The FDA asked the committee what the appropriate population is for receiving the drug. The agency particularly wanted to know about its potential use in pregnancy since embryofetal toxicity and effect on formation of bone and cartilage development are potential safety concerns based on studies in rats and rabbits.

FDA’s Aimee Hodowanec, senior medical officer in the Division of Antivirals, said the agency is considering two approaches to authorization. Under the first approach, molnupiravir is not authorized for use during pregnancy. She said this would be appropriate if there are no scenarios in which the benefit of the drug is thought to outweigh the risk during pregnancy. Under the second potential approach, molnupiravir is not recommended for use in pregnancy but the drug could be used under the EUA during pregnancy in certain clinical scenarios in which a clinician determines the benefit outweighs the risk.

Committee members said they would not recommend use of molnupiravir in pregnancy but that women should be able to decide with their health care providers if they want to take it.

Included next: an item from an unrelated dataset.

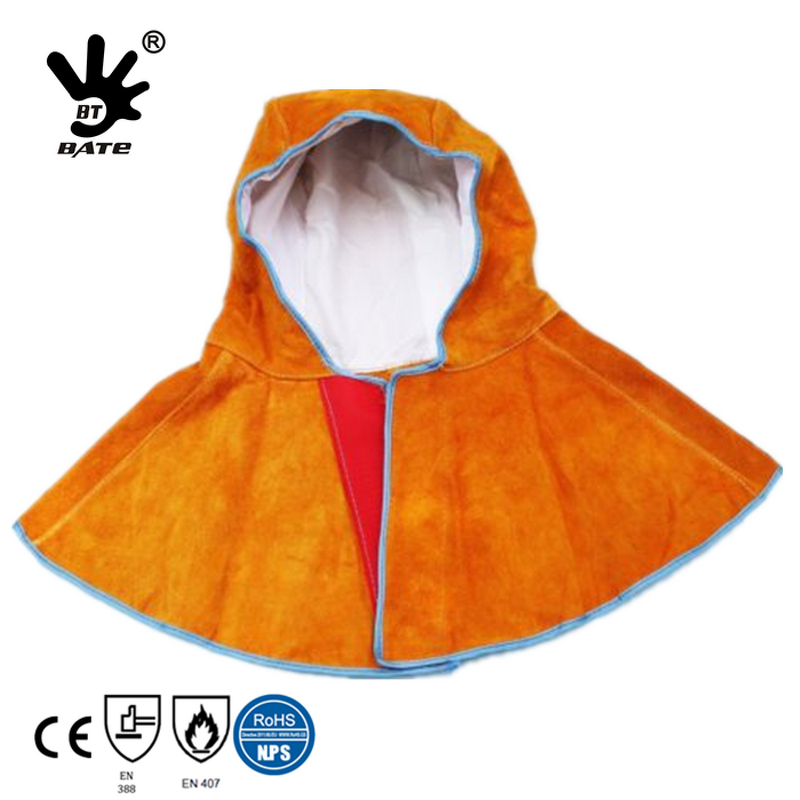 Welding Cape Supplier - Leather Welding Protective Head Shawl Cape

Janet Cragan, National Center on Birth Defects and Developmental Disabilities at the US Centers for Disease Control and Prevention, recommended requiring pregnancy testing before treatment. Dublin, of Kaiser Permanente, agreed with this recommendation.

Kartsonis said Merck is not recommending use of the drug in pregnant or lactating adults and that there was no need for a contraindication. The company will have a program to monitor use of the drug in pregnancy.

As for use in other populations, Dublin said she favored approving it for individuals who are unvaccinated and for vaccinated individuals with a poor immune response, which she said could be based on factors such as being over the age of 75 or being immunocompromised.

Several members suggested that use of the drug be limited to those aged 60 and older.

Seeking More Studies

Members also noted areas where further research is needed.

Dublin said it would be important to continue to do efficacy monitoring and determine if the drug is more effective against the Delta variant.

“Ideally, I would love to see a head-to-head trial against an alternative [therapy], such as monoclonal antibodies,” she said.

Baden said there need to be studies in vaccinated individuals, those with prior infections, and in the immunocompromised to understand safety, the multiple cycles of replication, and the risk of emergent variants.